Le contexte : une démocratie jeune confrontée à ses vieux démons
Depuis la transition démocratique de 2017, la Gambie tente de tourner la page de la dictature de Yahya Jammeh. Mais la promesse d’une gouvernance plus responsable peine à se concrétiser.
Le chômage des jeunes dépasse 35 %, l’accès à l’eau et à l’électricité reste précaire hors de la capitale, et les rumeurs de détournements de fonds publics alimentent une défiance accrue envers la classe politique. Les récentes révélations sur des contrats d’État opaques et la hausse inexpliquée du train de vie de certains dirigeants ont mis le feu aux poudres.
La manifestation : mobilisation inédite et mot d’ordre pour la transparence
Organisée par un collectif de la société civile, la marche du 24 juillet a réuni un cortège dense, avec de nombreux étudiants, entrepreneurs, syndicalistes, mais aussi des femmes et des travailleurs du secteur informel. Sur les pancartes : « Stop à la corruption », « Justice pour le peuple », « L’argent public n’est pas privé ».
La mobilisation, pacifique, a fortement perturbé le centre-ville, forçant le gouvernement à réagir rapidement. Certains manifestants, interrogés par Africanova, insistent :
« Notre génération ne veut plus voir les mêmes familles s’enrichir pendant que la pauvreté monte.
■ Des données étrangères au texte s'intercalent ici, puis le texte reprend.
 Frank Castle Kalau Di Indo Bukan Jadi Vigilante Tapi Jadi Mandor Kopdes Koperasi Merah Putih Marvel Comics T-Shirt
Nous voulons un audit indépendant et des procès, pas des paroles. »
Les autorités sous pression : promesses et premières mesures
Devant l’ampleur de la contestation, le président Adama Barrow a dû s’exprimer dans la soirée sur les réseaux sociaux, promettant une « tolérance zéro » envers les auteurs de malversations. Il a annoncé l’ouverture d’enquêtes administratives sur certains contrats publics et la suspension temporaire de plusieurs hauts fonctionnaires.
Néanmoins, les opposants politiques dénoncent « des mesures cosmétiques », pointant le manque de condamnations effectives depuis 2017.
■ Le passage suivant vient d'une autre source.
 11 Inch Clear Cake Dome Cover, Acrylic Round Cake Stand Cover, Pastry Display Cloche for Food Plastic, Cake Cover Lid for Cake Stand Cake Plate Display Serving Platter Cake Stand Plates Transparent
L’écho régional : la vague anti-corruption gagne l’Afrique de l’Ouest
La Gambie n’est pas un cas isolé. Depuis 2024, des mouvements similaires agitent le Sénégal, le Nigeria ou le Sierra Leone, signe que la tolérance à la corruption recule partout en Afrique de l’Ouest. L’Union africaine et la CEDEAO encouragent désormais des mécanismes de suivi plus transparents, avec des audits conjoints et des plateformes citoyennes pour dénoncer les abus.

Les enjeux pour la stabilité
La réussite ou l’échec du mouvement de Banjul aura des répercussions sur la légitimité de la transition démocratique en Gambie. Si la pression populaire ne se traduit pas par des réformes réelles – indépendance renforcée de la justice, audit des avoirs publics, ouverture des marchés à la concurrence – le risque d’un retour à l’instabilité et à l’abstention électorale grandit.
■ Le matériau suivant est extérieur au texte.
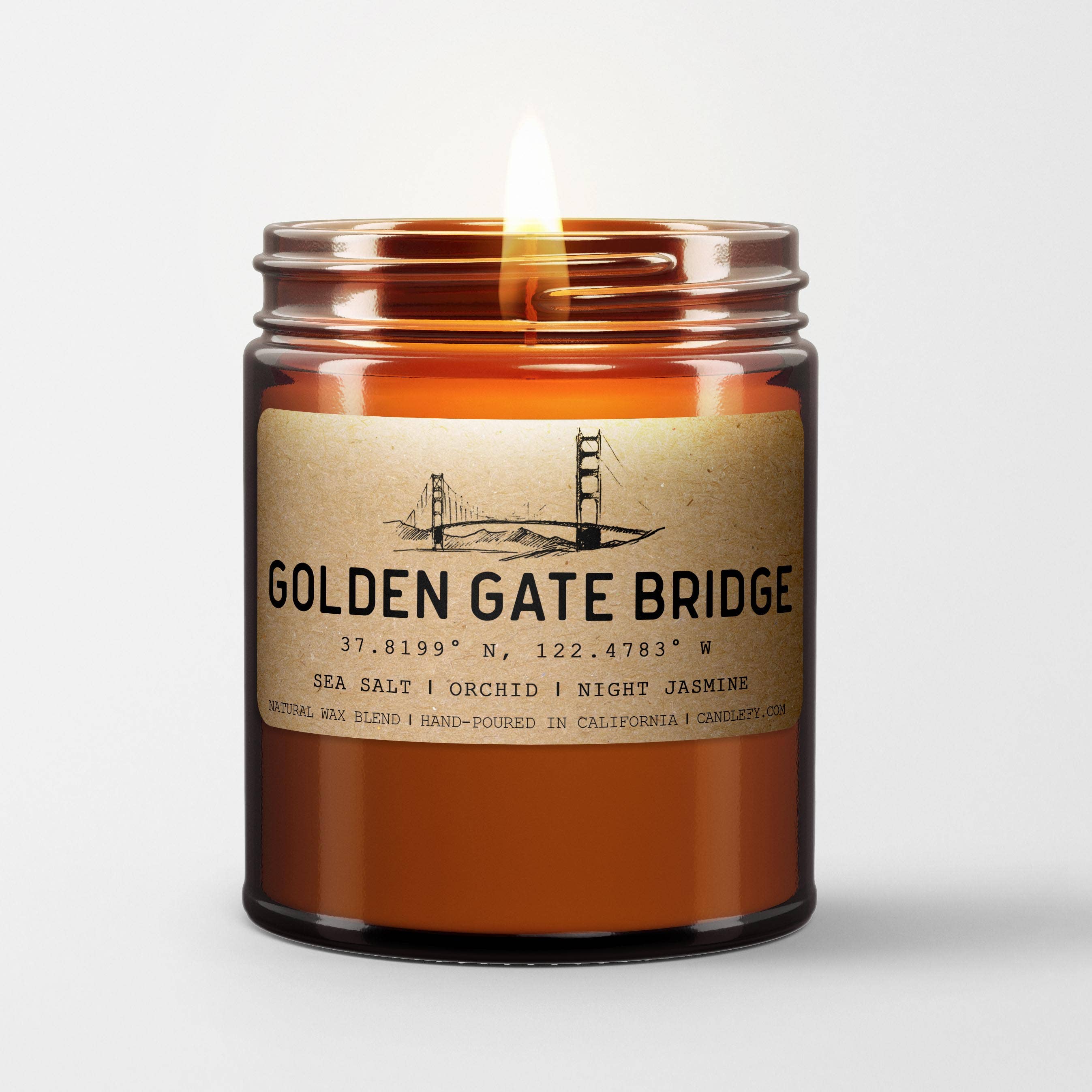 Candlefy - Wholesale Jar/Filled Candle - Golden Gate Bridge, California Scented Candle, Amber Glass1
Des ONG internationales comme Transparency International appellent à « un électrochoc politique authentique ».
Conclusion
La marche historique du 24 juillet 2025 à Banjul porte l’espoir d’une Gambie nouvelle, libérée des pratiques de corruption qui minent le pays depuis des décennies. Mais la route est longue, et seule la transformation des promesses en actes concrets, visible par toute la population, permettra de restaurer la confiance dans l’État de droit.